Der Ukraine-Krieg und Deutschlands Kehrtwende in der Verteidigungspolitik vom Wochenende kommen jetzt mit Wucht bei der lange als Schmuddelkind behandelten Rüstungsindustrie an. So fordert das Bundesverteidigungsministerium die deutsche Industrie zur kurzfristigen Bereitstellung von Rüstungsgütern sowohl für die sofortige Lieferung in die Ukraine und an NATO-Partner, als auch zur Ausstattung der Bundeswehr auf.

Dabei geht es auch darum, auf Bundeswehr-Beständen abgegebene Ausrüstung schnellstmöglich zu ersetzen, wie aus Industriekreisen zu vernehmen ist. Erst vor wenigen Tagen hatte die Bundesregierung angekündigt, 500 Stinger-Raketen und 1.000 Panzerabwehrwaffen an die von Russland überfallene Ukraine zu liefern.

Die Not ist offenbar sogar so groß, das Unternehmen prüfen sollen, ob sie für den Export bestimmtes Rüstungsmaterial kurzerhand für diese Zwecke umwidmen können. Die Finanzierung für die Maßnahme kann offenbar über den neuen Krisenfonds der EU in Höhe von 500 Millionen Euro erfolgen.

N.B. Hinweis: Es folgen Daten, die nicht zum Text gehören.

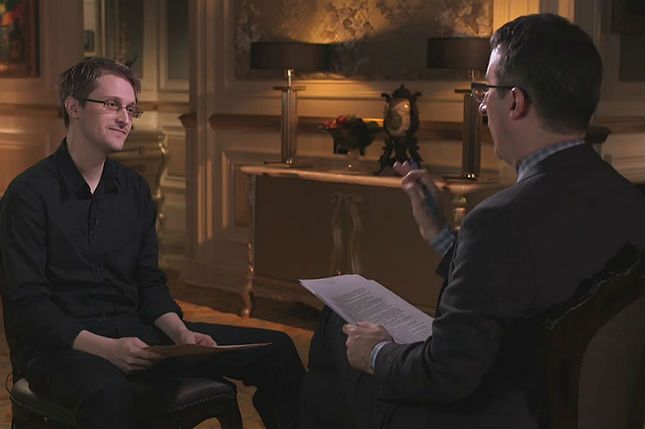 Wywiad Johna Olivera z Edwardem Snowdenem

Nach den Informationen aus Industriekreisen hat der Abteilungsleiter Rüstung im BMVg, Vizeadmiral Carsten Stawitzki, überdies angewiesen, dass mit Hochdruck Lieferungen und Leistungen zur schnellstmöglichen Erhöhung der Gefechtsbereitschaft der Bundeswehr erfolgen sollen. Um die Verfügbarkeit der eigenen Hauptwaffensysteme kurzfristig zu erhöhen, sollen Instand- und Inbetriebssetzungsarbeiten vorgezogen, die laufende Instandhaltung beschleunigt sowie Ersatzteile, Hilfs- und Betriebsstoffe sofort bereitgestellt werden.

Um Waffensysteme möglichst lange in Betrieb halten zu können, sollen nach den Vorstellungen des Ministeriums Pufferlager für das benötigte Material aufgebaut und das Verlängern von Wartungsintervallen geprüft werden.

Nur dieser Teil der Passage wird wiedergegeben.